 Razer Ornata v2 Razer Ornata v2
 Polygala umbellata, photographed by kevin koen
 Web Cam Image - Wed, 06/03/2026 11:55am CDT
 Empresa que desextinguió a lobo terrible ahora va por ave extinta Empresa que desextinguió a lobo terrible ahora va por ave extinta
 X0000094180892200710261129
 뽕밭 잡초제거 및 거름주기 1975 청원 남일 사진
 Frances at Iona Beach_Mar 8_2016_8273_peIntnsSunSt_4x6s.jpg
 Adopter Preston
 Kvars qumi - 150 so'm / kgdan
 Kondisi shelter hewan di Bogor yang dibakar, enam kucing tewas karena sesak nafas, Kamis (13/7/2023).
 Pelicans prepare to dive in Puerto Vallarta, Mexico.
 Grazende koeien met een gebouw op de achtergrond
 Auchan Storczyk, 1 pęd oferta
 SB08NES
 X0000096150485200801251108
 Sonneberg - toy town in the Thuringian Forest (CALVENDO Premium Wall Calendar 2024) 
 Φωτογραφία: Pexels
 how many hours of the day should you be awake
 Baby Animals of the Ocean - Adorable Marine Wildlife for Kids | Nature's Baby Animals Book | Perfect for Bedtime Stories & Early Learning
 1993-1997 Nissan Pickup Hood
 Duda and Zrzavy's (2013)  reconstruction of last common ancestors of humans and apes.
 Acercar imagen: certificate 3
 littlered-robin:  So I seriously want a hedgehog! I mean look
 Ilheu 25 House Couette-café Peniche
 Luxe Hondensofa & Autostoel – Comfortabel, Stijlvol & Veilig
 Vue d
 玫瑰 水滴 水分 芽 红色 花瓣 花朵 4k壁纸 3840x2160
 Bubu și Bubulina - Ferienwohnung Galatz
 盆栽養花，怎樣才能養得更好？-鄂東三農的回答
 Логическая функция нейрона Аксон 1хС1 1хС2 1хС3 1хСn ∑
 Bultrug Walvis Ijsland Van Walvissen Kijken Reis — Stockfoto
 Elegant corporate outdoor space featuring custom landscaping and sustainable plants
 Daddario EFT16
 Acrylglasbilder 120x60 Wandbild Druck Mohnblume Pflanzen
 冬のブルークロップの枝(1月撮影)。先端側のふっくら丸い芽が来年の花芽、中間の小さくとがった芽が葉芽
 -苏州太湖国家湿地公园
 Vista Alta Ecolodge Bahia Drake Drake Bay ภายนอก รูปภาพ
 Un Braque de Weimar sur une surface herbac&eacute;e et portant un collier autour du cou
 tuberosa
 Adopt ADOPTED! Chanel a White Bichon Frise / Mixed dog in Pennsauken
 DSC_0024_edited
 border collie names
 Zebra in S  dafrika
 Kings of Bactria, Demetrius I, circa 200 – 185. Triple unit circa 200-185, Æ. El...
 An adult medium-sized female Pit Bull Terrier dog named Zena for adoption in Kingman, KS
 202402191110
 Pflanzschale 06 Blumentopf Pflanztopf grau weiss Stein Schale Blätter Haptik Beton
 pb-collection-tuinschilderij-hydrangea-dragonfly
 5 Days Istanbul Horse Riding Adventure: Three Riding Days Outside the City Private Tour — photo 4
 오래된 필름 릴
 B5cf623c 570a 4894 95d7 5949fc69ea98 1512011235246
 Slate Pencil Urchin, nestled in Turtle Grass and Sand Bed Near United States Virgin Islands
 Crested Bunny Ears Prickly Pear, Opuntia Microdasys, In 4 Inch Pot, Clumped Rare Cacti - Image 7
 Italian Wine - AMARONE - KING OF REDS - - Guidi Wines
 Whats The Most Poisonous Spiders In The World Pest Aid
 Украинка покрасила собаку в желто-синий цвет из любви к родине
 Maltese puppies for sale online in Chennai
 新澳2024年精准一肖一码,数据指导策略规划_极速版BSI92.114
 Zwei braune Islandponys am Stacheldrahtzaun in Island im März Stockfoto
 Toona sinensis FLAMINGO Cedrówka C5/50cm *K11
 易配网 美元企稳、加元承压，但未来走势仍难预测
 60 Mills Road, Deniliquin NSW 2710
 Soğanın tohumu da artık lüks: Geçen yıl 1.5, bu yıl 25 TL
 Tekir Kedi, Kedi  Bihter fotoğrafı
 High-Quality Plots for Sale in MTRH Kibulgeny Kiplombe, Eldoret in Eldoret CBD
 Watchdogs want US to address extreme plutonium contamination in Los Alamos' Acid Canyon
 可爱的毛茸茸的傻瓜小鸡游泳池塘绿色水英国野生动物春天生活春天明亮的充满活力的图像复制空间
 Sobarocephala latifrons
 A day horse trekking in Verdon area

> [WHAT YOU ARE ASKED TO DO]: Reproduce exactly, please, only the lines from the start of the data above to the line that contains "pb-collection-tuinschilderij-hydrangea-dragonfly", with both ends kept.

> [WRITTEN SOLUTION]:
 Razer Ornata v2 Razer Ornata v2
 Polygala umbellata, photographed by kevin koen
 Web Cam Image - Wed, 06/03/2026 11:55am CDT
 Empresa que desextinguió a lobo terrible ahora va por ave extinta Empresa que desextinguió a lobo terrible ahora va por ave extinta
 X0000094180892200710261129
 뽕밭 잡초제거 및 거름주기 1975 청원 남일 사진
 Frances at Iona Beach_Mar 8_2016_8273_peIntnsSunSt_4x6s.jpg
 Adopter Preston
 Kvars qumi - 150 so'm / kgdan
 Kondisi shelter hewan di Bogor yang dibakar, enam kucing tewas karena sesak nafas, Kamis (13/7/2023).
 Pelicans prepare to dive in Puerto Vallarta, Mexico.
 Grazende koeien met een gebouw op de achtergrond
 Auchan Storczyk, 1 pęd oferta
 SB08NES
 X0000096150485200801251108
 Sonneberg - toy town in the Thuringian Forest (CALVENDO Premium Wall Calendar 2024) 
 Φωτογραφία: Pexels
 how many hours of the day should you be awake
 Baby Animals of the Ocean - Adorable Marine Wildlife for Kids | Nature's Baby Animals Book | Perfect for Bedtime Stories & Early Learning
 1993-1997 Nissan Pickup Hood
 Duda and Zrzavy's (2013)  reconstruction of last common ancestors of humans and apes.
 Acercar imagen: certificate 3
 littlered-robin:  So I seriously want a hedgehog! I mean look
 Ilheu 25 House Couette-café Peniche
 Luxe Hondensofa & Autostoel – Comfortabel, Stijlvol & Veilig
 Vue d
 玫瑰 水滴 水分 芽 红色 花瓣 花朵 4k壁纸 3840x2160
 Bubu și Bubulina - Ferienwohnung Galatz
 盆栽養花，怎樣才能養得更好？-鄂東三農的回答
 Логическая функция нейрона Аксон 1хС1 1хС2 1хС3 1хСn ∑
 Bultrug Walvis Ijsland Van Walvissen Kijken Reis — Stockfoto
 Elegant corporate outdoor space featuring custom landscaping and sustainable plants
 Daddario EFT16
 Acrylglasbilder 120x60 Wandbild Druck Mohnblume Pflanzen
 冬のブルークロップの枝(1月撮影)。先端側のふっくら丸い芽が来年の花芽、中間の小さくとがった芽が葉芽
 -苏州太湖国家湿地公园
 Vista Alta Ecolodge Bahia Drake Drake Bay ภายนอก รูปภาพ
 Un Braque de Weimar sur une surface herbac&eacute;e et portant un collier autour du cou
 tuberosa
 Adopt ADOPTED! Chanel a White Bichon Frise / Mixed dog in Pennsauken
 DSC_0024_edited
 border collie names
 Zebra in S  dafrika
 Kings of Bactria, Demetrius I, circa 200 – 185. Triple unit circa 200-185, Æ. El...
 An adult medium-sized female Pit Bull Terrier dog named Zena for adoption in Kingman, KS
 202402191110
 Pflanzschale 06 Blumentopf Pflanztopf grau weiss Stein Schale Blätter Haptik Beton
 pb-collection-tuinschilderij-hydrangea-dragonfly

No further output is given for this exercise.